*** Block opens ***

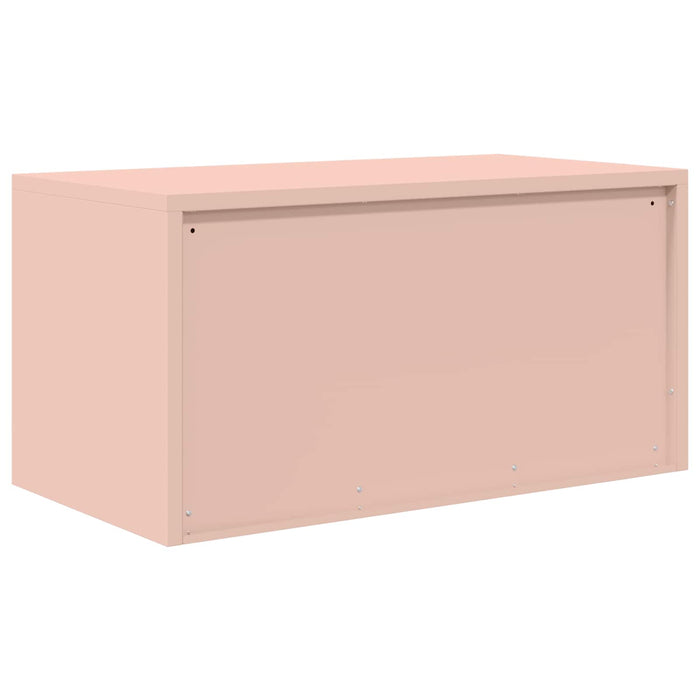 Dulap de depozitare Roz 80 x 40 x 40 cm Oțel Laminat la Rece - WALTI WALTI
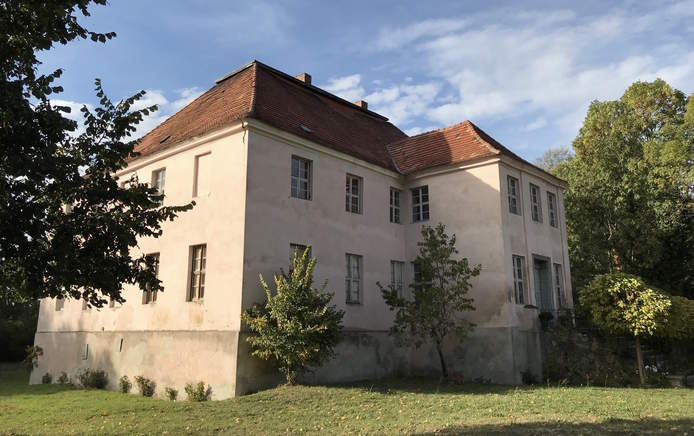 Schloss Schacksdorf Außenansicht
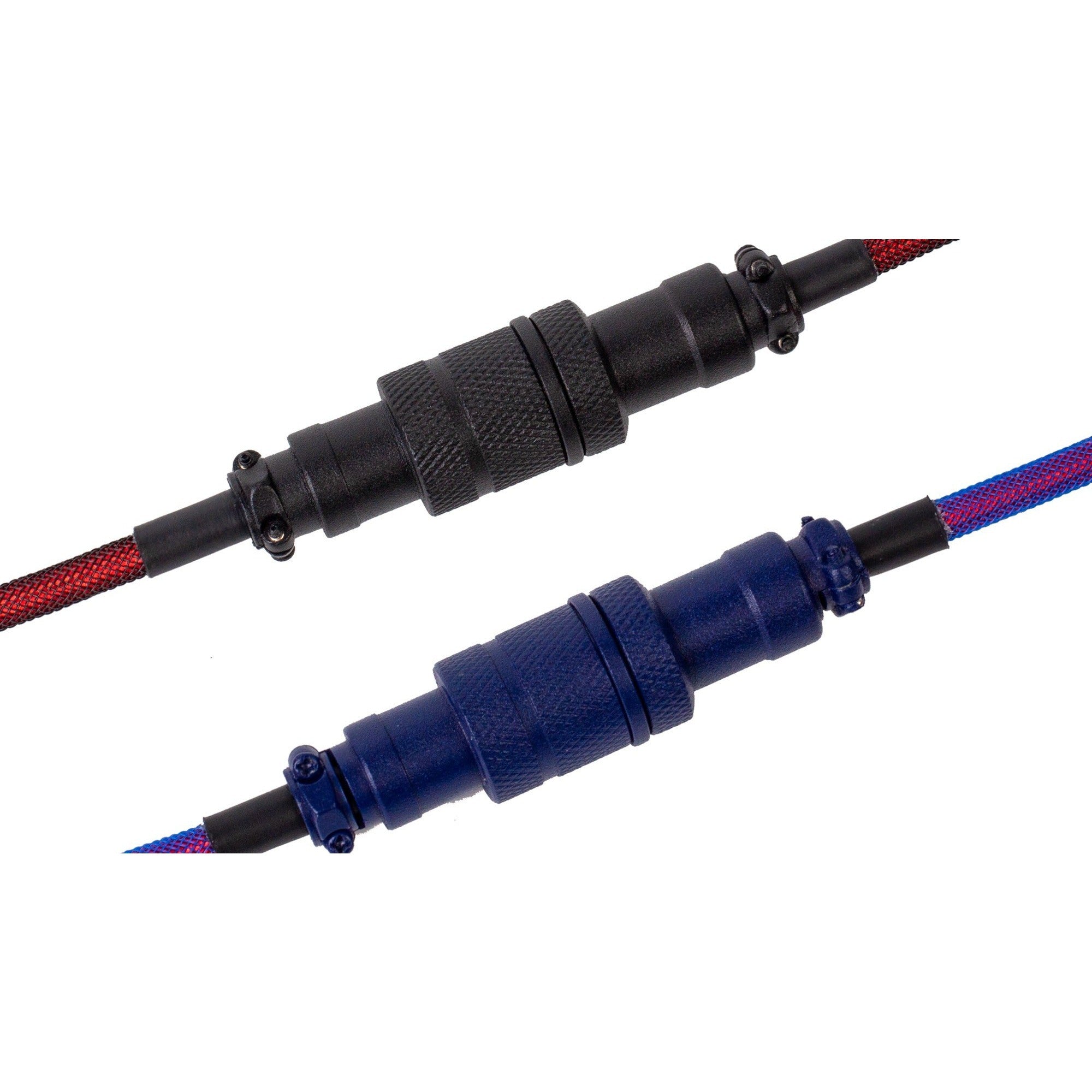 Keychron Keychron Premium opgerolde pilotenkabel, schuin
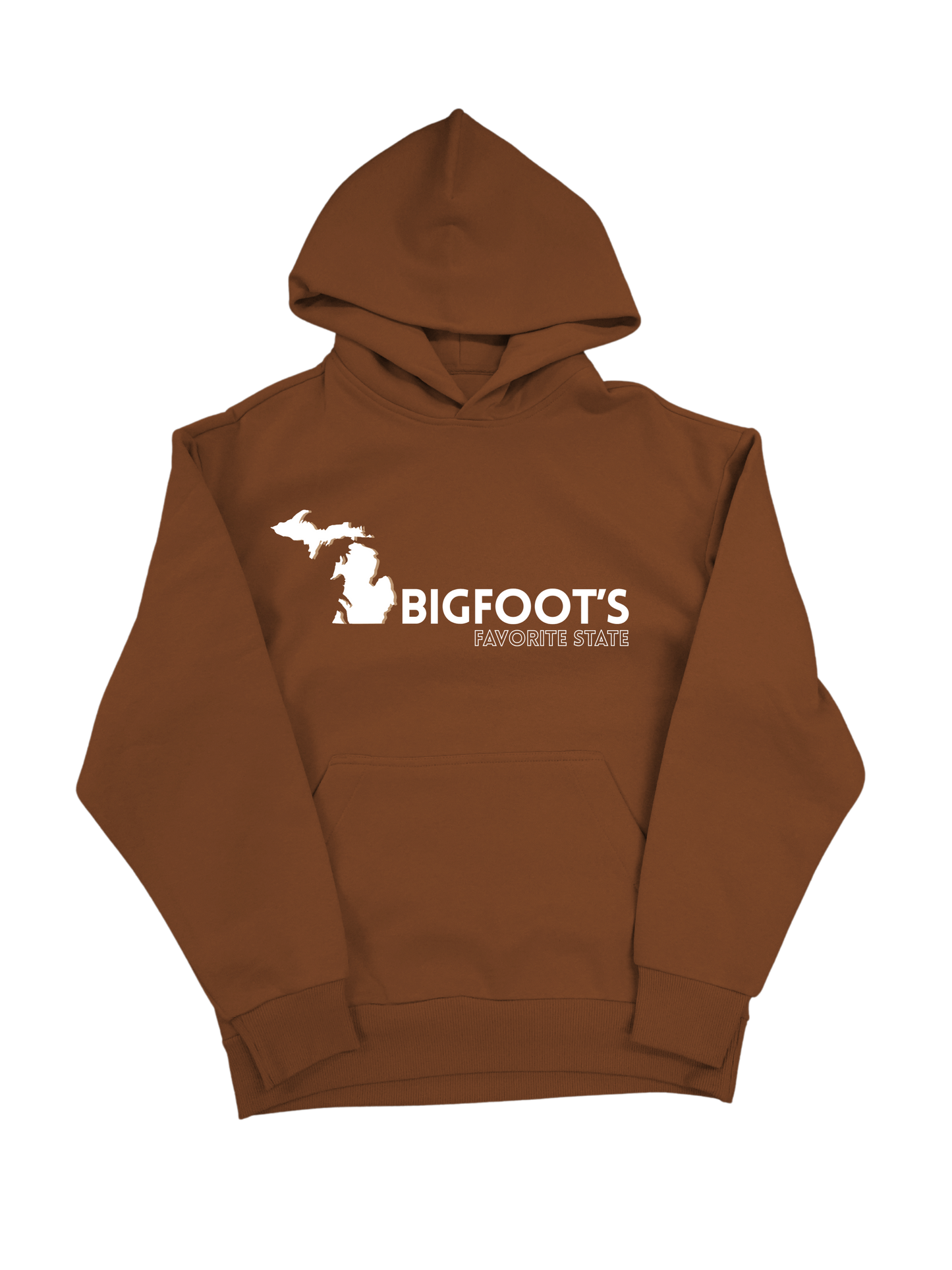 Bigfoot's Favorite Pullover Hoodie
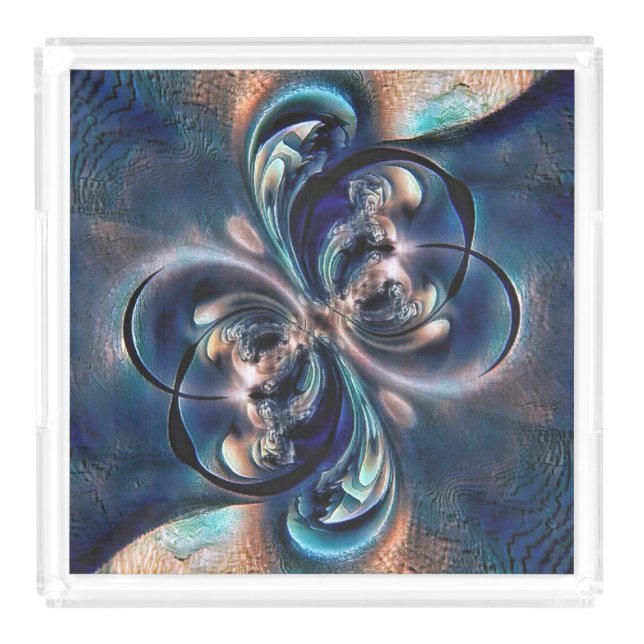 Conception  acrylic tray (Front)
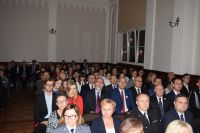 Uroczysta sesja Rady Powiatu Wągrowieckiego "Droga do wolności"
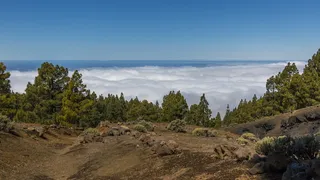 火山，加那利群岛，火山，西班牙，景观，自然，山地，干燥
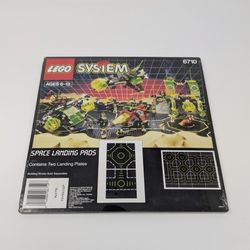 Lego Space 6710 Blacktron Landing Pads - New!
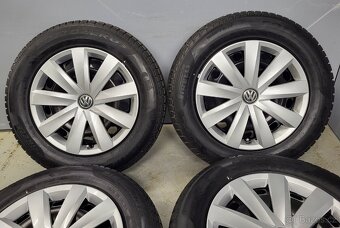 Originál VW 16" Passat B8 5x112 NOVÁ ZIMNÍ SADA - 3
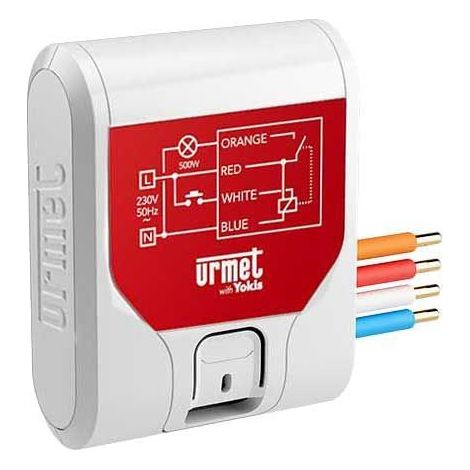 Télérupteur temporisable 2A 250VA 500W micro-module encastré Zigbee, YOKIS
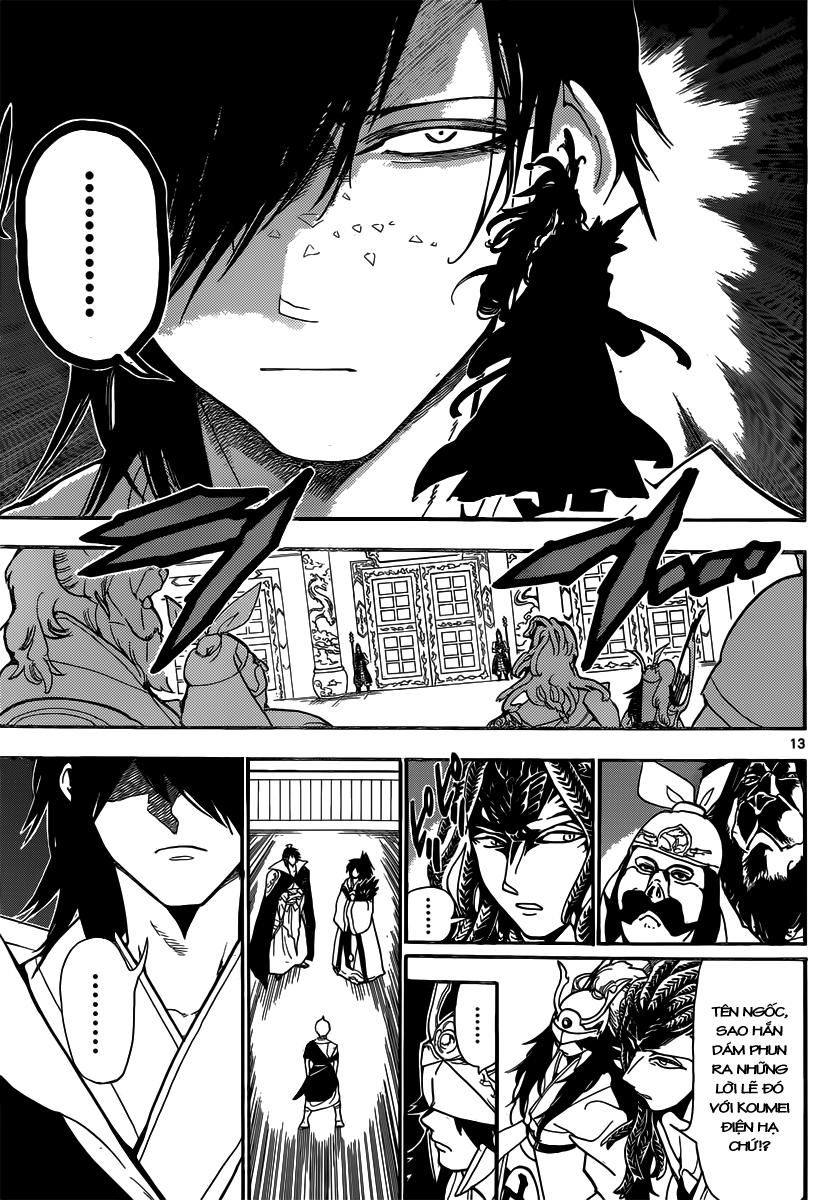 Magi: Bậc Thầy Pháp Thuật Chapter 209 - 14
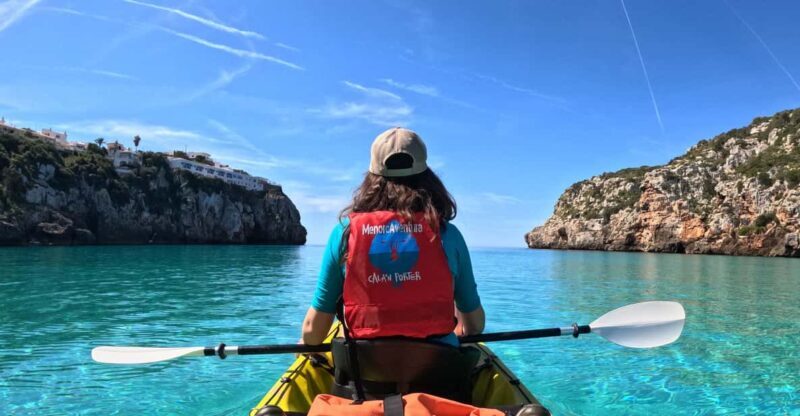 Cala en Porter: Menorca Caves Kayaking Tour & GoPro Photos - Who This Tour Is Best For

*** Block closes ***

**Problem to work on**
The lines from the one holding "ZIMNÍ SADA - 3" to the final line of the entries are to be duplicated exactly, and the pictures are to be left out.

**Response area**
 Originál VW 16" Passat B8 5x112 NOVÁ ZIMNÍ SADA - 3
 Télérupteur temporisable 2A 250VA 500W micro-module encastré Zigbee, YOKIS
 Magi: Bậc Thầy Pháp Thuật Chapter 209 - 14
 Cala en Porter: Menorca Caves Kayaking Tour & GoPro Photos - Who This Tour Is Best For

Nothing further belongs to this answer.